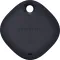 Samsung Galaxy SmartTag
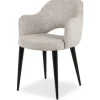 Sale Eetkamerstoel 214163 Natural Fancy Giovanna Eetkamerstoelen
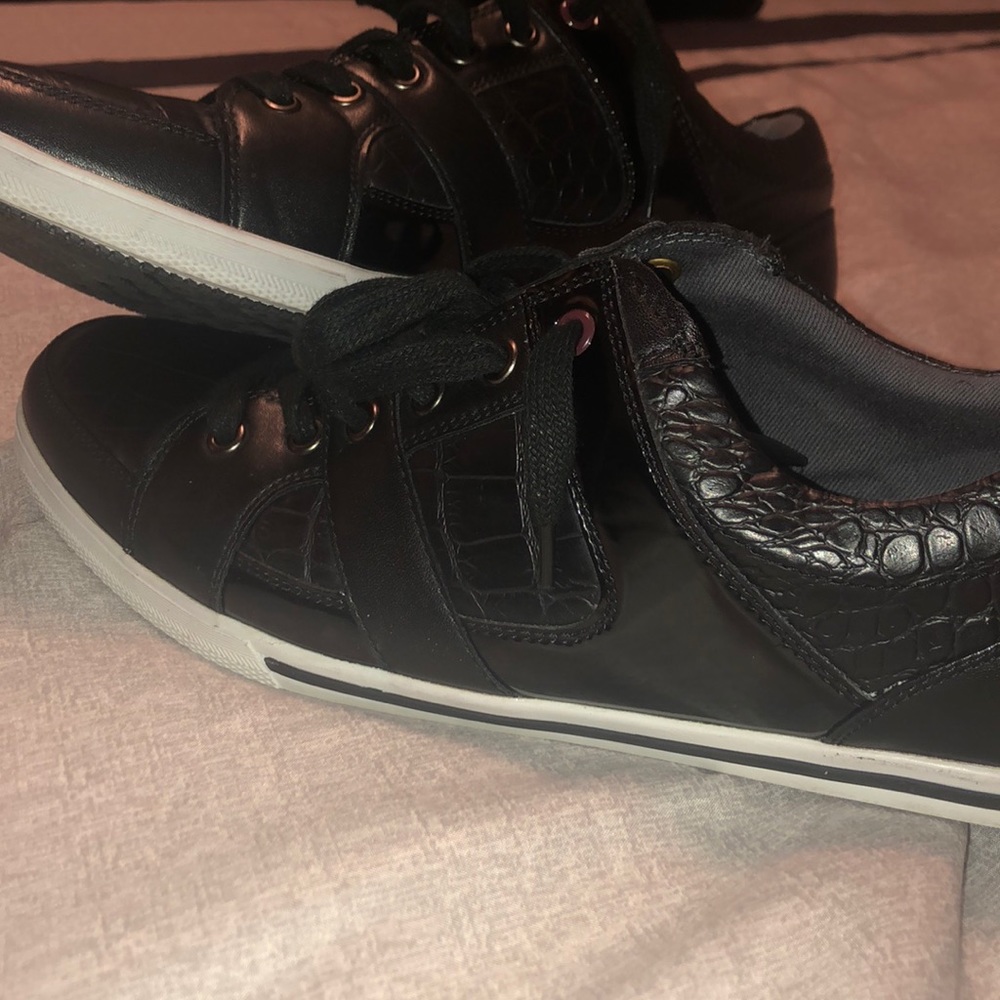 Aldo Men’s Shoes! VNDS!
━━━
=== Task directions ===
With pictures left out, repeat exactly the lines from the one containing "Sale Eetkamerstoel 214163" through the last line of the data above, inclusive, and nothing else.

=== Answer to this task ===
 Sale Eetkamerstoel 214163 Natural Fancy Giovanna Eetkamerstoelen
 Aldo Men’s Shoes! VNDS!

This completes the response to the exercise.